◆ Exercise prompt
Please copy, exactly as they appear below, the lines from the one containing "KEBIDU Mini 300M" through the one containing "1.0 TOG Child".

◆ Information
---
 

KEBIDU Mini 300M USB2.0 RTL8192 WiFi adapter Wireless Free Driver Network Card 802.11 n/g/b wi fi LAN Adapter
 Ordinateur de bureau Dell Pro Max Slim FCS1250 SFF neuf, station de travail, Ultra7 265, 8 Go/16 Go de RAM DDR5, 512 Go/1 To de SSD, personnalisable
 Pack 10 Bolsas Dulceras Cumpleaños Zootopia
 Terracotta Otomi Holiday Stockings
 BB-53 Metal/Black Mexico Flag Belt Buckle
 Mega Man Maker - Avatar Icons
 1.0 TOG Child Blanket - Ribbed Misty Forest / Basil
---
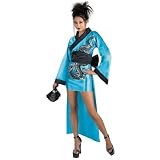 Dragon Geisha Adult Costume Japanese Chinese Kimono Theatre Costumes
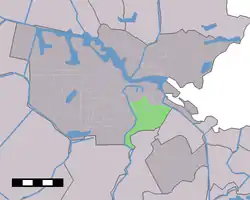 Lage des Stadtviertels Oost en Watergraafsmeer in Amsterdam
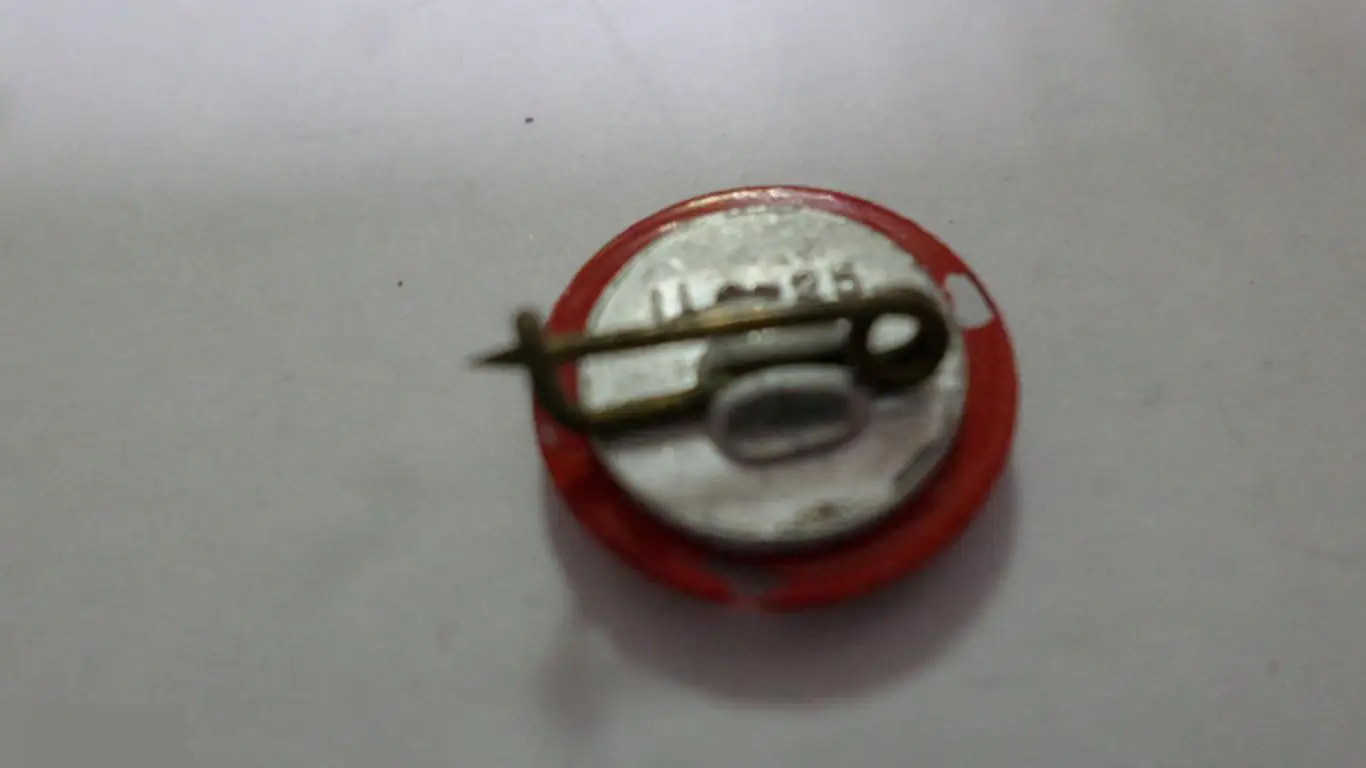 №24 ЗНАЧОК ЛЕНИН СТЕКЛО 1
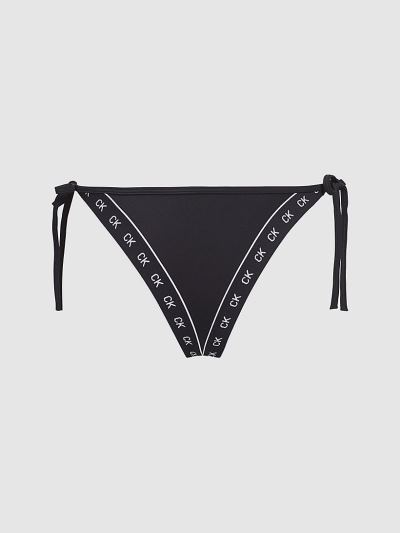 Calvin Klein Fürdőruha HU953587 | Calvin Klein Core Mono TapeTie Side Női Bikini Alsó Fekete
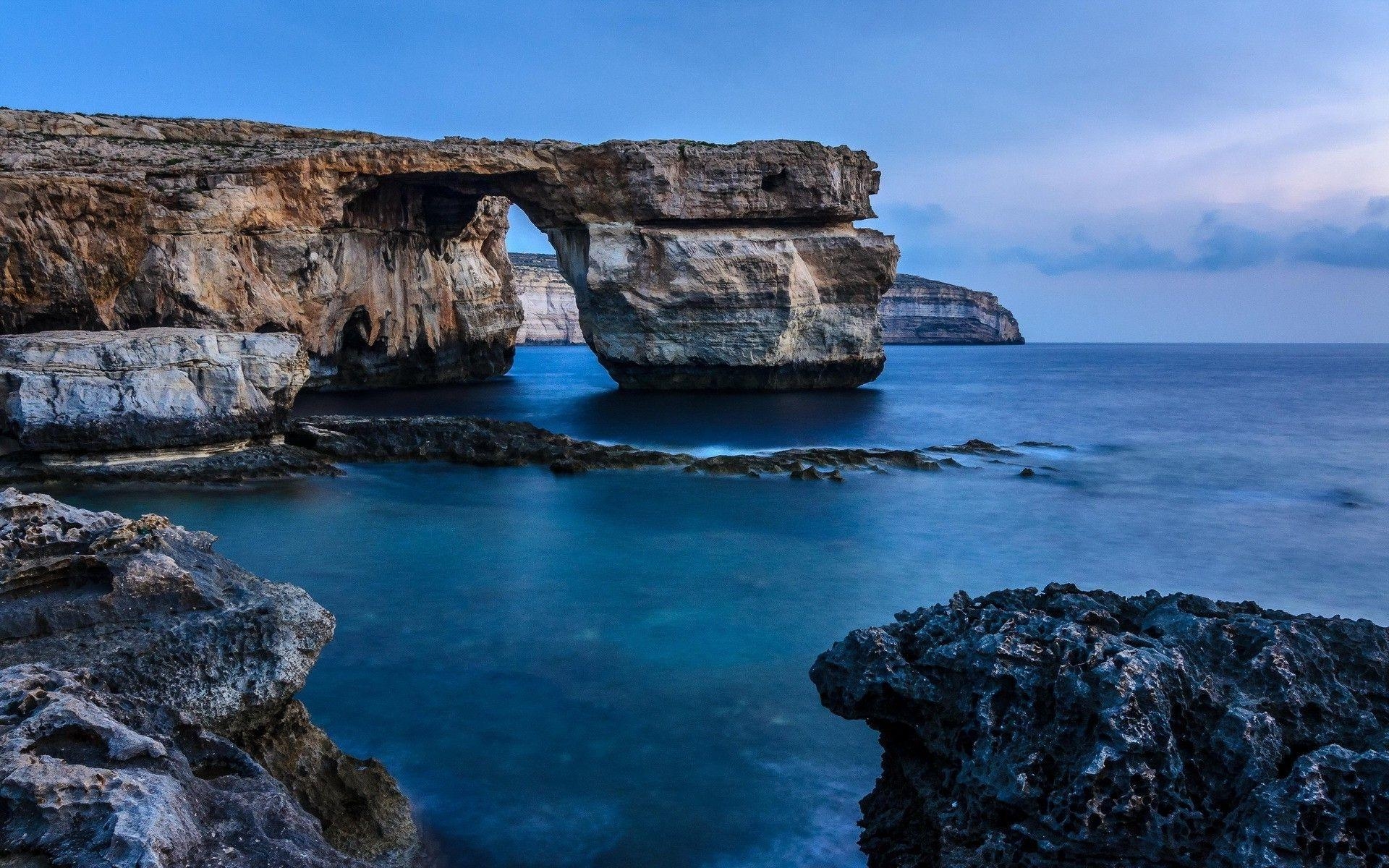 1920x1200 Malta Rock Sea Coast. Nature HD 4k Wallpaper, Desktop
---
◆ Your solution
KEBIDU Mini 300M USB2.0 RTL8192 WiFi adapter Wireless Free Driver Network Card 802.11 n/g/b wi fi LAN Adapter
 Ordinateur de bureau Dell Pro Max Slim FCS1250 SFF neuf, station de travail, Ultra7 265, 8 Go/16 Go de RAM DDR5, 512 Go/1 To de SSD, personnalisable
 Pack 10 Bolsas Dulceras Cumpleaños Zootopia
 Terracotta Otomi Holiday Stockings
 BB-53 Metal/Black Mexico Flag Belt Buckle
 Mega Man Maker - Avatar Icons
 1.0 TOG Child Blanket - Ribbed Misty Forest / Basil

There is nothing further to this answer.